Bahnhofsgebäude in Pasewalk
An uns vorbei ziehen die sanften Ausläufer der Uckermünder Heide. Wir sitzen im Zug von Pasewalk nach Stettin und blicken neugierig hinaus in die frühherbstliche Nordostecke Deutschlands. Dass wir die deutsch-polnische Grenze passiert haben, bemerken wir erst an den vorbeiziehenden Ortsschildern. Wenige Minuten später machen sich die ersten Ausläufer Stettins bemerkbar, bevor der Zug schließlich in den Hauptbahnhof Szczecin Glówny einläuft.

Die ersten Eindrücke der westpommerschen Stadt sind rundherum positiv. Auf dem Fußweg zum Hotel, das ganz in der Nähe der berühmten Hakenterrasse liegt, kommen wir bereits ein erstes Mal an wesentlichen Sehenswürdigen der Altstadt vorbei. Kaum etwas ist zunächst von sozialistischer Funktionsbauweise zu entdecken, dafür jedoch viel Altes, darunter viel liebevoll Restauriertes.
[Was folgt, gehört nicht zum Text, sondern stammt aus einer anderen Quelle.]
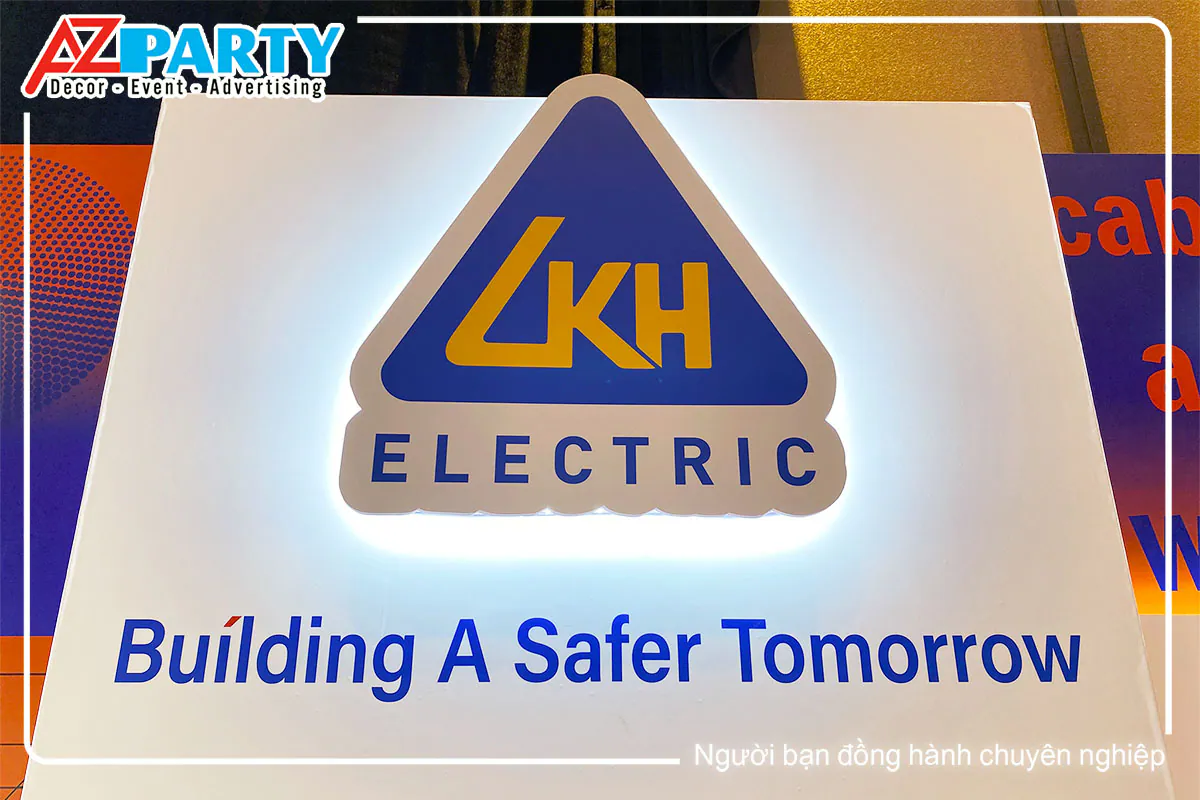 logo thương hiệu Lim Kim Hai đươc làm nổi bật với đèn led hắt viền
Die einzige Ausnahme bildet das zwischen Schloss und Hakenterrasse gelegene Brückensystem Trasa Zamkowa, das mit seinen Betonmassen wie ein Fremdkörper inmitten der historischen Umgebung liegt. Kurz dahinter erreichen wir schließlich das im Übrigen rundherum empfehlenswerte Hotel Focus. Seine Lage könnte zentraler kaum sein, und auch die Einrichtung lässt bei einem günstigen Preis kaum etwas zu wünschen übrig.
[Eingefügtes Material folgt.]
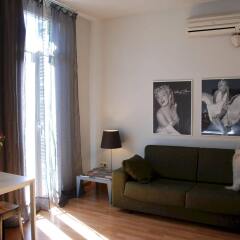 Апартаменты No 439 - The Streets Apartments. комната для гостей фото 5
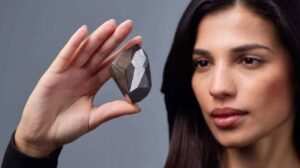 Maior diamante negro do mundo é vendido por US$ 4,3 milhões: pago em criptomoeda 2 Contra-Capa-24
Hauptbahnhof Szczecin Glówny


Oderbrücke Trasa Zamkowa bei Nacht
Stettin, polnisch Szczecin (sprich: Scheschinn) ist mit knapp 408.000 Einwohnern (Tendez fallend) siebtgrößte Stadt Polens und beherbergt einen der größten Seehäfen der Ostsee. Szczecin ist Verwaltungssitz der Woiwodschaft (poln. Bezirk / Landkreis) Westpommern und kommerzielles Zentrum der weiteren Umgebung. Selbst die Bewohner der strukturschwachen und dünnbesiedelten Uckermark fahren zum Einkaufen gern mal über die Grenze.
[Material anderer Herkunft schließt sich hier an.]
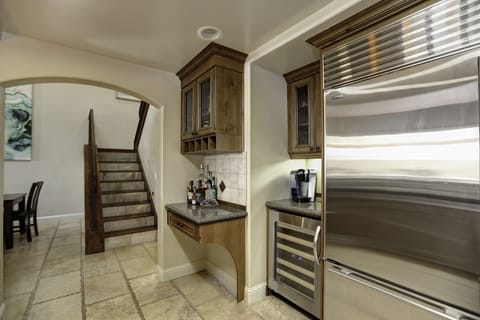 Gourmet Kitchen w/ Wine Fridge Villa Cortez Pismo Beach Vacation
Diese hätte nach Kriegsende eigentlich weiter östlich verlaufen müssen, denn der Hauptteil der Stadt befindet sich auf der Westseite der Oder und damit auch der Oder-Neiße-Linie. Stalin erachtete das strategisch wie wirtschaftlich sehr potente Stettin wohl als zu wichtig, um es auf deutschem Territorium zu belassen, zumal im Frühjahr 1945 noch große Unklarheit über die Zukunft Deutschlands bestand. Kurzerhand stellte er die Stadt unter polnische Verwaltung und übergab sie schließlich ganz Polen, was die alliierten Teilnehmer der Potsdamer Konferenz zähneknirschend zur Kenntnis nehmen mussten. Es folgte die Umbenennung Stettins in Szczecin sowie die Vertreibung des deutschstämmigen Bevölkerungsteils.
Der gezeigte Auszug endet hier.